→ PROBLEM
Write the data out again exactly and in full.

→ GIVEN INFORMATION
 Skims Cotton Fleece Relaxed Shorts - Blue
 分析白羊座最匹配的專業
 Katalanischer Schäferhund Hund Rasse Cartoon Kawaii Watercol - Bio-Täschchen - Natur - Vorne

→ EXERCISE RESPONSE
 Skims Cotton Fleece Relaxed Shorts - Blue
 分析白羊座最匹配的專業
 Katalanischer Schäferhund Hund Rasse Cartoon Kawaii Watercol - Bio-Täschchen - Natur - Vorne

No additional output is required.